El zorro en la papelera.
Escribe: Ricardo Viscardi.

 

"La observancia institucional que declara el gobierno uruguayo en el conflicto ecológico con la Argentina, traduce una cultura política que adhiere a los protocolos propios de la objetividad más estricta. Este designio guió el comportamiento mediático de la izquierda en la última campaña electoral y se vincula en sus fundamentos con una visión de “país productivo”, sostenida en la propia matriz ideológica del progresismo. Este respeto por los hechos objetivos mitiga el desamparo que mortificaba, tras el resultado de las urnas en octubre del 2004, tanto a la opinión de sesgo neoliberal como a una oposición desmantelada institucionalmente. El comportamiento argentino, tildado de irracional, ofrece un motivo de unidad nacional para levantar una única bandera, histórica y tricolor."
 

Quizás Marx hubiera vacilado cuando estigmatizó la libertad del capitalista en el mercado identificándola con la libertad del zorro en el gallinero, de saber que cierta posteridad que lo reivindica de alguna manera enviaría aquel zorro a la papelera. No con la trayectoria parabólica que envía un papel al cesto-papelera, sino en el sentido propio de un zorro que hace de las suyas con pasta de papel. En tal mutación de la índole del animal predador la posteridad uruguaya de Marx puede parangonarse con Mao: si el Gran Timonel declaró “El imperialismo es un tigre de papel”, los gobernantes uruguayos, en cuanto endosan como verdad oficial un informe del Banco Mundial(1), no perciben en el capitalismo mundial –quizás por guardar las proporciones entre las especies animales- más que un zorro de papel.
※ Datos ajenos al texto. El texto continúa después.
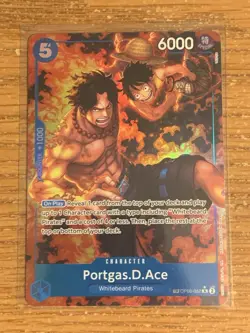 Portgas D Ace OP08-052 Treasure Rare Royal Blood One Piece Card Game - Image 1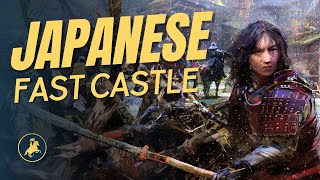 Japanese Fast Castle Optimized  Build Order Guide  Age of Empires 4 [upl. by Elimac]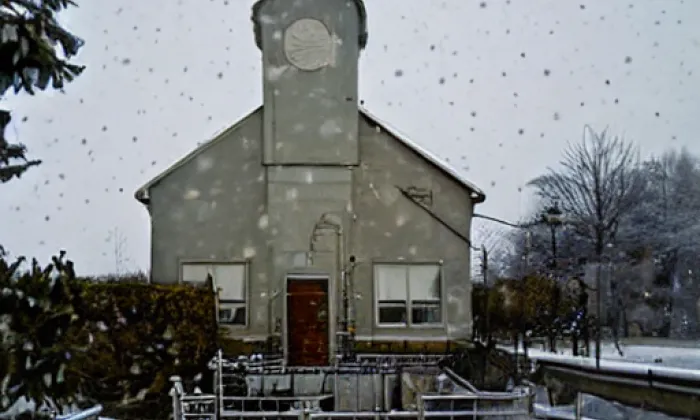 Kostel svaté Markéty (Hlučín) – winter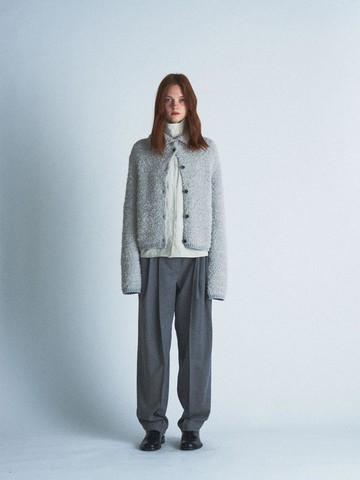 Alpaca Shearling Cardigan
Este marxismo empapelado hace de las suyas con el saber: es un predador de la ignorancia. Esa convicción de estar en la verdad proviene de un coto moral inexpugnable: los gobernantes uruguayos han sostenido una y otra vez que se constituyen en garantes del equilibrio ecológico. Se atisba la superación de una limitación: lo que delegan los electores en los elegibles llegaría a superar las convicciones mediante la confianza. De esa forma se simplifica el intrincado trámite del conflicto, ya que basta con un informe del Banco Mundial (o cualquier otro banco o informe) que refrende lo que ya se sabía, esto es, que el gobierno uruguayo es confiable(1). Por consiguiente, son confiables las plantas procesadoras de celulosa, porque la confianza en el gobierno que las autoriza así autoriza a creerlo.
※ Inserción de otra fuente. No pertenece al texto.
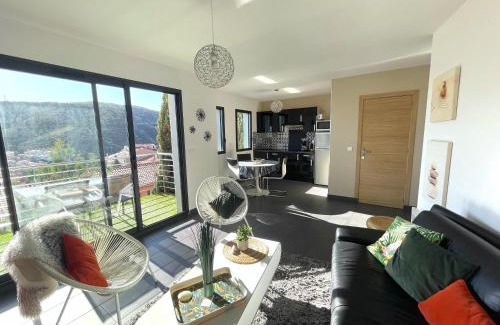 Cerbere Apartamento | Résidence Costa Vermella, vue mer et montagne au calme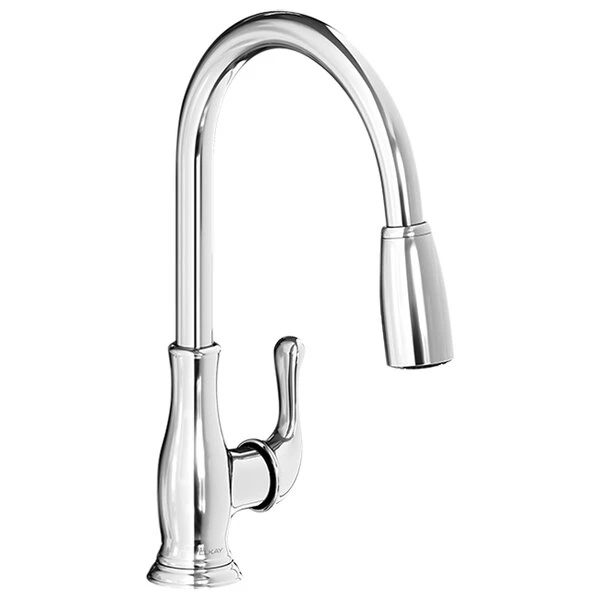 Elkay LKEC2041CR Explore Deck Mount Chrome Kitchen Faucet With Pull-Down Spray Head, Forward Lever Handle, And Deck Plate 3 Elkay LKEC2041CR Explore Deck Mount Chrome Kitchen Faucet With Pull-Down Spray Head, Forward Lever Handle, And Deck Plate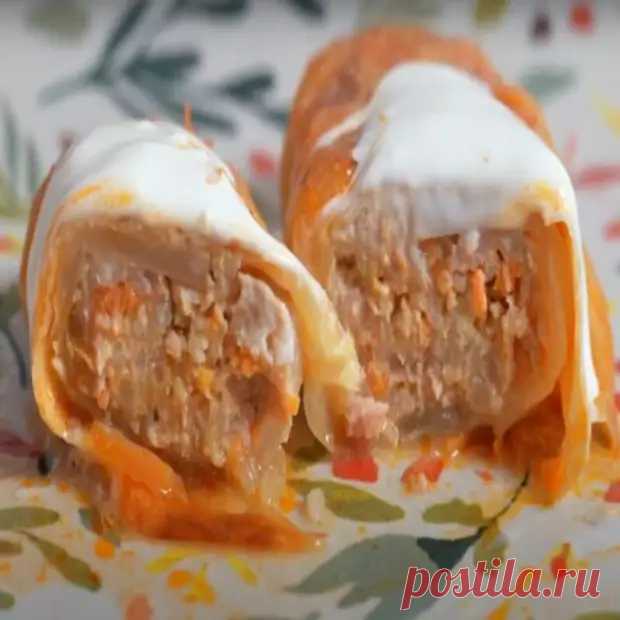 Голубцы из фарша с рисом, завернутые в капустный лист. Идеальный рецепт - В кастрюльке - Медиаплатформа МирТесен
Tanta autoridad moral también encuentra solución a un conflicto aún más intrincado: la existencia de un gran número de individuos, de tendencias de opinión y hasta de movimientos sociales que desconfían. El póster de aquel soldado estadounidense abatido por sorpresa en el embate de su poderío bélico, recuerda con desconfianza propia del común de los mortales el alcance de la leyenda más despojada: WHY?

Contaminación productiva

Muchas veces vino a mi memoria, traída por la pregunta ¿porqué? la cuestión de la vertiginosa caída del Uruguay democrático, civilista y progresista en el régimen totalitario mal llamado “dictadura militar”. Ante esa enigmática regresión del “país modelo” progresista que fue el Uruguay, me asalta muchas veces un recuerdo de la infancia. Cuando los militares argentinos derrocaron a Perón, se vivieron en el Uruguay horas de tensión, producto de la vecindad de los acontecimientos, de su carácter cruento y de la presencia de cadetes militares argentinos exiliados de este lado del Plata. Para mí, que no sumaba diez años por entonces, ese ambiente de convulsión y aprensión se vincula en la memoria a una nebulosa de impresiones. Pero he retenido un momento singular. Ante la creciente “amenaza” que significaba Perón para los intereses estadounidenses, este país había pertrechado a las esmirriadas fuerzas armadas uruguayas con aviones caza de última generación, para ponerlas en mejores condiciones de controlar su espacio aéreo. El estruendoso sobrevuelo de los modernísimos aviones a retropropulsión cautivó mi fantasía, en esos momentos de tensión, durante un breve trayecto a pie con mi madre. Recuerdo haberle preguntado, seguramente como efecto de los momentos que se vivían por entonces en la Argentina y se comentaban, particularmente por radio, en el Uruguay: “¿aquí también habrá una guerra?” La respuesta que recibí serenó mi ánimo, ya que plena de confianza, me respondió: “en el Uruguay jamás habrá una guerra”.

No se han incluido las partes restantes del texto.